Mutual information of two random variables \(X\) and \(Y\) is a measure of the mutual independence between them. It quantifies the amount of information obtained about one random variable by observing the other random variable. It is defined as \[ I(X;Y) = \sum_{(x,y) \in X \times Y} p(x,y) \log \frac{p(x,y)}{p(x)p(y)} \] By its definition, \[ \begin{gather} I(X;Y) = I(Y;X) \\ I(X;Y) = D_{KL}(p_{(X, Y)}|| p_X \otimes p_Y) \\ I(X;Y) = H(X) - H(X|Y) = H(Y) - H(Y|X) \end{gather} \]

Gaussian Case

To better illustrate the formula of mutual information between two Gaussian-distributed random variables \(X\) and \(Y\). We can concatenate them to form, say an \(n\)-dimensional random variable \(Z\), which is also Gaussian-distributed.
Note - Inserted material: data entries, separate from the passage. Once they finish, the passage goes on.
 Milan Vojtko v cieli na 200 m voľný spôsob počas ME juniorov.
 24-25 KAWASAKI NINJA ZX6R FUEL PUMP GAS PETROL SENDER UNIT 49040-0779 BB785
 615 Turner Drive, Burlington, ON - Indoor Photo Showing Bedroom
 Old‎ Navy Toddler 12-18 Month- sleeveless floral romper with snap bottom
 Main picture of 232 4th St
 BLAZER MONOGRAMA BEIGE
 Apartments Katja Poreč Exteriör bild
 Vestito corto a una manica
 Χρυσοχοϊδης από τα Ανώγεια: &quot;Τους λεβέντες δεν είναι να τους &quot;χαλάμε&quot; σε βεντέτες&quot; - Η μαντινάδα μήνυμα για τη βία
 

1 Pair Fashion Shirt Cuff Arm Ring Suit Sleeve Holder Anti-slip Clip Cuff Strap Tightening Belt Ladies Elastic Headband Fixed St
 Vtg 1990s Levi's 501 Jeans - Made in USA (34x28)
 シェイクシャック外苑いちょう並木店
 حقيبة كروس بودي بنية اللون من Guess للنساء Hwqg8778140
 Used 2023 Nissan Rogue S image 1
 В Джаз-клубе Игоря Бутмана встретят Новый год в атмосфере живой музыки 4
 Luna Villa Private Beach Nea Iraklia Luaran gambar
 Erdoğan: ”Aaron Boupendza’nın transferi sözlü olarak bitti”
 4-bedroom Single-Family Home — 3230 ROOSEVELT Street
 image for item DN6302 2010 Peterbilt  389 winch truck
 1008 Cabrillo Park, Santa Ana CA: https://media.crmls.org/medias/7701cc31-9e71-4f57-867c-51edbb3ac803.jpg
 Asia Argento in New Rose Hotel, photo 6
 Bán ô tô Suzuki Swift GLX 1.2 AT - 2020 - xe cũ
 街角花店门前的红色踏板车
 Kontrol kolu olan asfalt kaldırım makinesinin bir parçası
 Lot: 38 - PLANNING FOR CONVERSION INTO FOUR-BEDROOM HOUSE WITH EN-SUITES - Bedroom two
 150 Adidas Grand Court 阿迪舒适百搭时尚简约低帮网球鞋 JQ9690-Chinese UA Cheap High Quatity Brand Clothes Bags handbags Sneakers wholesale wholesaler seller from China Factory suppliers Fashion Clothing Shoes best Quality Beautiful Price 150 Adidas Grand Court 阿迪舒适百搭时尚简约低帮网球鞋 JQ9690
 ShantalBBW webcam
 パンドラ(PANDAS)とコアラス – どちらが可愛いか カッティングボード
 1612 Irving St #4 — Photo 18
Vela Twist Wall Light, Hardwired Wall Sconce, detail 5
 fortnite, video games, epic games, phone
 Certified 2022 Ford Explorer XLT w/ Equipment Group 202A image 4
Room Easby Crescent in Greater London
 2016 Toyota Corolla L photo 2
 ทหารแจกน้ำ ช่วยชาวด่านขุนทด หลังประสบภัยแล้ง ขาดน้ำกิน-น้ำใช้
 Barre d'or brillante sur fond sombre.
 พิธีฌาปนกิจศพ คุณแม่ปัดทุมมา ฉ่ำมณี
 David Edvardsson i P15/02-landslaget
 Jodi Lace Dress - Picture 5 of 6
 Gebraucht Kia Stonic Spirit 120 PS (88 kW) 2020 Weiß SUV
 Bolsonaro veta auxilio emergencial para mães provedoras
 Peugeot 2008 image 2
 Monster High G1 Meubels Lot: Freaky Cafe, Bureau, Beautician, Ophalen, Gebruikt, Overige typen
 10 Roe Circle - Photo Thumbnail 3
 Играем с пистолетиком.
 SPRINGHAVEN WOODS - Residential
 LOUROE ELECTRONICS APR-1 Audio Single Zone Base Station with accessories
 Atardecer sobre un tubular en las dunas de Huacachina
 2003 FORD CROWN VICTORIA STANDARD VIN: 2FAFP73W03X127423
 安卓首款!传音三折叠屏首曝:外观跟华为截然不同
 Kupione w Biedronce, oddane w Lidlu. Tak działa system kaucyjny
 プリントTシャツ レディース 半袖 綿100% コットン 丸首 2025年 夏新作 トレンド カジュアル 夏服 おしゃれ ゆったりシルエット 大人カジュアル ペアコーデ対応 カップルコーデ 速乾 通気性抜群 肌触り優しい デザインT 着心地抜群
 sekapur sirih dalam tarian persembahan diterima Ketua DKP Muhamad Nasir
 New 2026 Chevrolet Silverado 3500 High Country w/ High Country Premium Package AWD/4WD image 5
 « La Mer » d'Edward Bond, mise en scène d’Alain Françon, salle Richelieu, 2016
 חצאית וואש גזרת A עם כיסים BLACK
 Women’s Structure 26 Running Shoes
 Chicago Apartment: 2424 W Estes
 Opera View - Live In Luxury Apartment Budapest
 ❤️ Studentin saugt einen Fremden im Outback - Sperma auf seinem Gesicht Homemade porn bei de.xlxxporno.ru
Then the mutual information between \(X\) and \(Y\) can be computed as: \[ I(X;Y) = \frac 1 2 \log \frac{\det \Sigma_X \det \Sigma_Y}{\det \Sigma_Z} \] The key to the derivation is that mutual information is the KL-divergence between the joint distribution and the product of the marginal distributions.

The joint can be described as \[ p_{X:Y} = N(\underbrace{\mu_X:\mu_Y}_\mu, \underbrace{ \begin{bmatrix} \ \Sigma_{X} & \Cov_{XY} \\ \Cov_{YX} & \Sigma_{Y} \\ \end{bmatrix} }_\Sigma ) \]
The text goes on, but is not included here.